BIG Data Mining, Predictive Solutions and Training Using SAS, R, SPSS, ..., Hadoop, Hive, Pig,...: Why not utilize PROC VARCLUS as a standard variable reduction method for every problem?

Saturday, March 12, 2011

Why not utilize PROC VARCLUS as a standard variable reduction method for every problem?

The key inspirational clips,

"The VARCLUS procedure attempts to divide a set of variables into nonoverlapping
clusters in such a way that each cluster can be interpreted as essentially unidimensional..."

"A large set of variables can often be replaced by the set of cluster components with little loss of information. A given number of cluster components does not generally explain as much variance as the same number of principal components on the full set of variables, but the cluster components are usually easier to interpret than the principal components, even if the latter are rotated.

For example, an educational test might contain fifty items. PROC VARCLUS can be
used to divide the items into, say, five clusters. Each cluster can then be treated as a subtest, with the subtest scores given by the cluster components.

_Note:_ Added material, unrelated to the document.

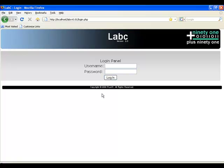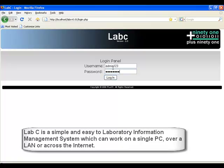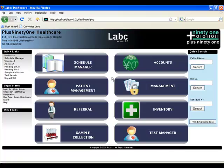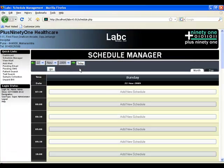Welcome to a demonstration of LabC, an easy to use and simple to manage laboratory information system for Plus 91 Technologies. As you can see, the user interface is very simple and easy to use.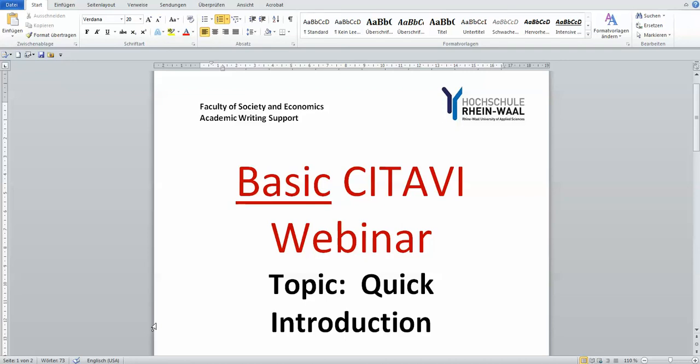But if you'd like Citavi to help you more with your reading, with putting in-text citations and doing quotations, especially direct quotes, then Citavi can also do that. These will all be shown to you in the series of basic Citavi. Have a nice day. Bye-bye.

If the cluster components are centroid components of the covariance matrix, each
subtest score is simply the sum of the item scores for that cluster."

are directly credited to http://www.okstate.edu/sas/v8/saspdf/stat/chap68.pdf

This is because primary variable representing as one variable for all the variables within a cluster can indeed be good enough representing all of the variables within that cluster, becuase the distances among them are distinctly smaller than other collections of variables.

However, if we are faced with a datamining situation where possibly even a 3%-5% coverage of a variable might be included as important variable in predictive equation, this strategy of variable reduction can lead to tug of war between the number of clusters (and hence number of variables in the original analysis) and the total explained variance from the original set of variables.

The stopping rule for clustering (on the basis of when to stop) is typically a challenge which easily hovers around science and art of prediction (art of prediction?...mm what is it?), will need to be determined on the basis of balancing following parameters.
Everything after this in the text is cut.